Their starting point is that men “adhere to opinions of all sorts with a variable intensity.” This means that we accord all our beliefs different truth values, based on the evidence and reasoning we have to support them.
“Those who hold facts and truths to be the sole norms for guiding opinion will endeavor to attach their convictions to some form of evidence that is indubitable and beyond discussion.” But is there such a thing? Maybe in theory, but what about the real world of human affairs? We can’t afford to “scorn and reject all the techniques of reasoning characteristic of deliberation and discussion” (argumentation). As soon as controversy arises, whenever we don’t have absolute proof, we are in the realm of argumentation.

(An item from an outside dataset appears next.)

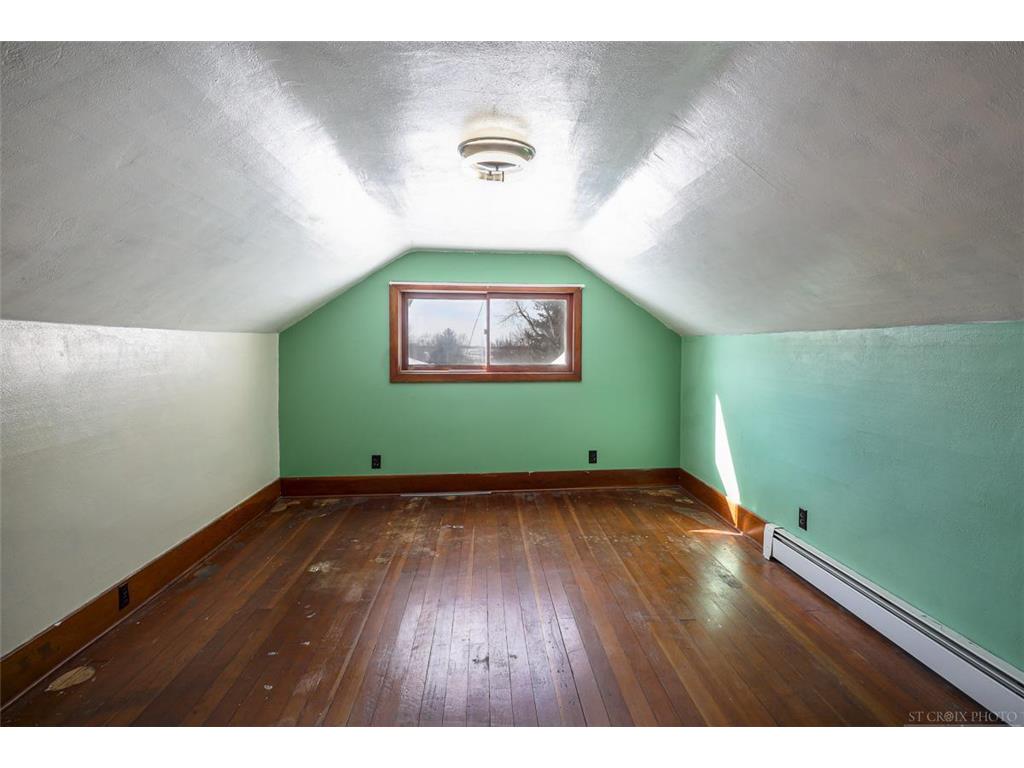 1083 Charlotte Street Hammond WI 54015 7040646 image16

They point out the common philosophical distinction made between “judgements of reality” and “value judgements.” This distinction has not been successfully maintained, because we can’t figure out a science of value judgements and we haven’t been able to define what makes one reality and another a value.
If reality judgements are going to be effective, they must be free of all ambiguity. They must mean the same thing for everyone, without any controversy. There are only two possible positions that could support this: the idea that language reflects reality or that language is an arbitrary creation of an individual.
Neither are true.
What is missing is the social element. “All language is the language of a community.” Words and their meaning can only be understood in the context of a society. Like other elements of culture, it is our agreement about their meaning that gives them that meaning. This means that the way we use language is never indisputable. It is always up for debate, subject to change as a society changes.
“Only the existence of an argumentation that is neither compelling nor arbitrary can give meaning to human freedom, a state in which a reasonable choice can be exercised.” Freedom and argumentation are inextricably linked. If all language and all arguments were purely representative of reality, if language could speak an undeniable truth, there would be no choice, and man would not truly be free. He would be predetermined to act according to the laws of nature.
On the other hand, if man was purely irrational, there would be no argumentation, only suggestion and force. Argumentation, and rhetoric, operates in the space between these two positions.
“The theory of argumentation will help to develop what a logic of value judgements has tried in vain to provide, namely the justification of the possibility of a human community in the sphere of action when this justification cannot be based on a reality or objective truth.”
Argumentation (and rhetoric) has been neglected for too long because the truth it has produced is not necessarily objective. But objective truth is possible only in theory. To be able to act effectively in our world, we need rhetoric to guide us to a probable truth in the absence of a compelling reality. To act in the world, we need to be satisfied with what is likely.